What is a complex program?
I describe it as Eclipse, one of my least favorite programs. It's bloated and fat. It gets in my way. It completes phrases I didn't want and tells me my correct lines are incorrect, misused or wrong.
It's not that Eclipse is badly coded. It's badly designed. It's does too much in an inefficient manner.
Tying back into the introduction - I would much rather use a Text Editor than Eclipse. I am more efficient that way. Unfortunately, the world does not operate in the most ideal of situations, and I am more or less tied to this platform thanks to external forces.
Gnome is easy enough to use, as we explored in a blog post about ten days ago. It comes with a text editor, Gedit, which is surprisingly spry and easy. Leafpad is an equally easy to use program.
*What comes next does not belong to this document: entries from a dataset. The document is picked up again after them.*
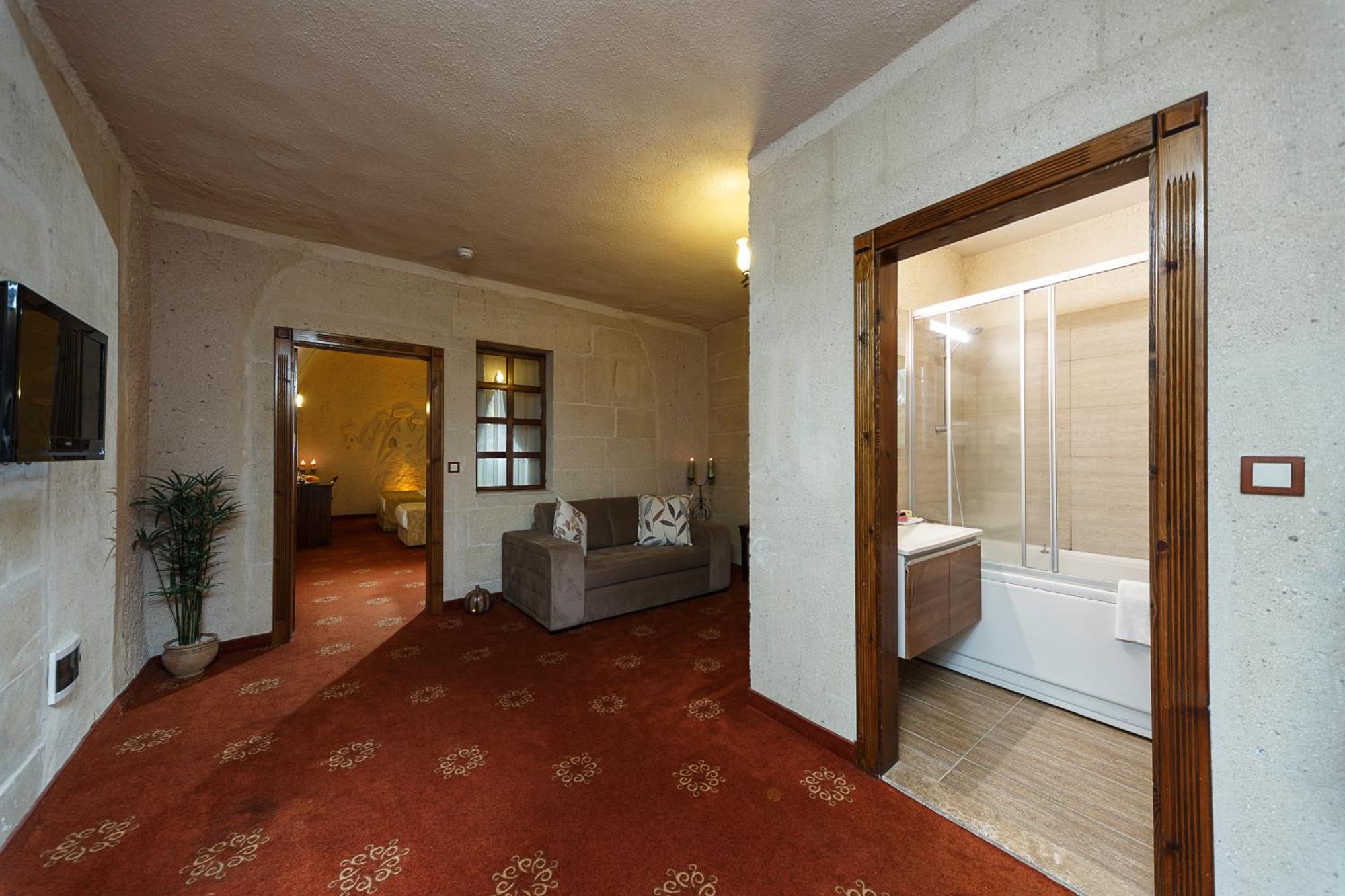 Dilek Kaya Hotel Ургуп Номер фото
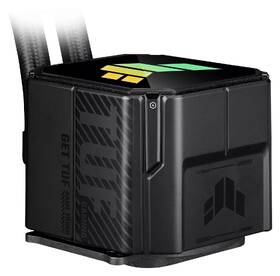 Vodní chladič Asus TUF Gaming LC III 360 ARGB Black černý

 obrázek produktu 7 z 11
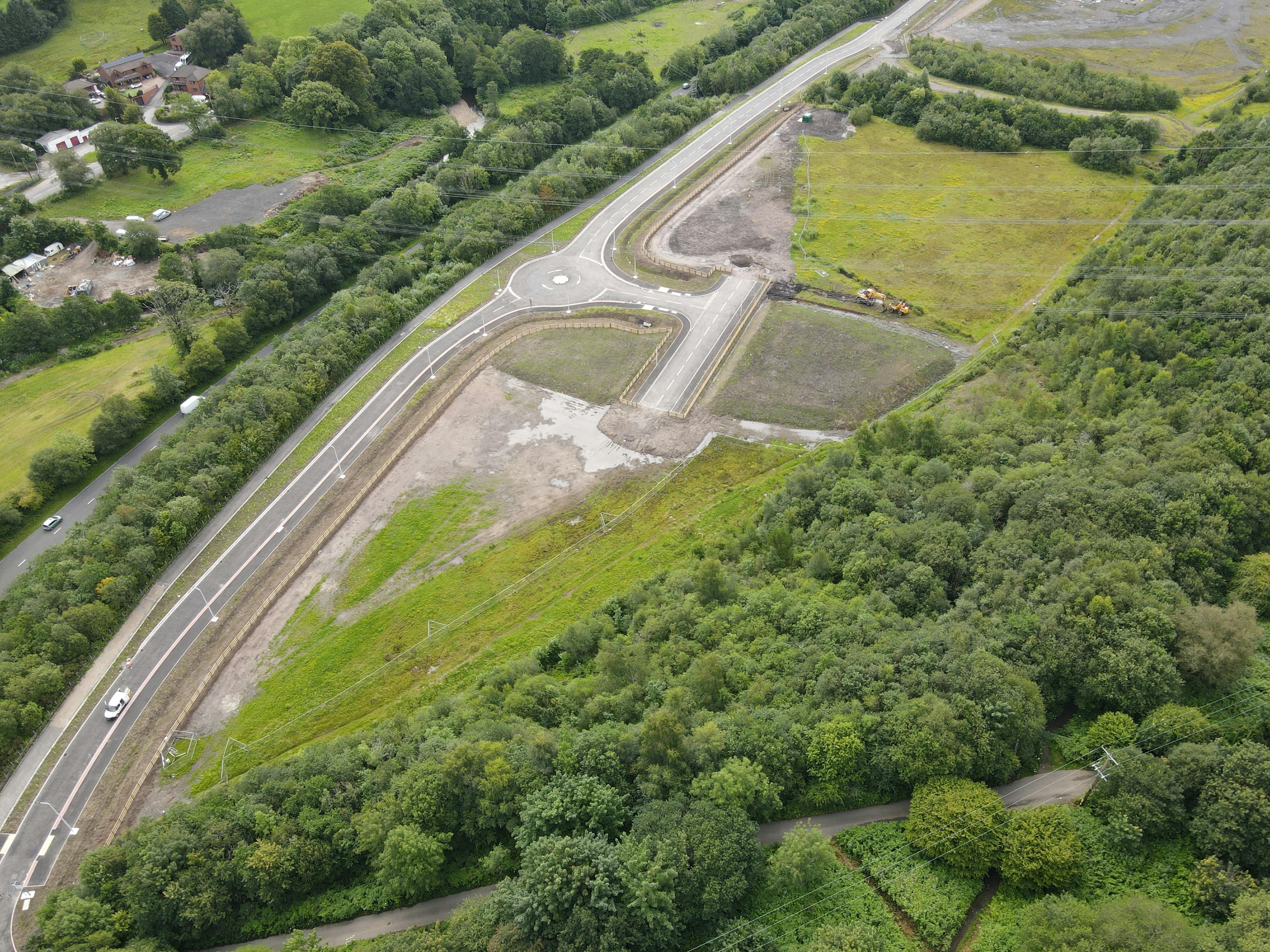 Coed Ely, Service Development Plots, Coed Ely, Tonyrefail, Development / Development Land / Industrial/Logistics For Sale - Northern 1.JPG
The problem is thus: using a computer program is generally inefficient. If that sounds computer-extremist, at least the revision - computer interaction could always be better - will suffice.
Now, the difference between Eclipse and Leafpad is that Eclipse approaches the problem in the wrong fashion. It assumes that to complete the objective in the best way possible is to assist the user. Complicate the environment. Help the user along.
Unfortunately, as more and more examples have proven, making a program "help" a user simply complicates the process and confuses the issue. Most of us have experienced this with Microsoft's animated "helper" programs that attempt to assist a user in their task. These simply complicate the matter by forcing more distractions, more buttons, more text and information that a user needs, onto the screen.
It's time to go back to the basics. What does a program need to function, and how can we accomplish what a program needs to do without obstructing the original intent?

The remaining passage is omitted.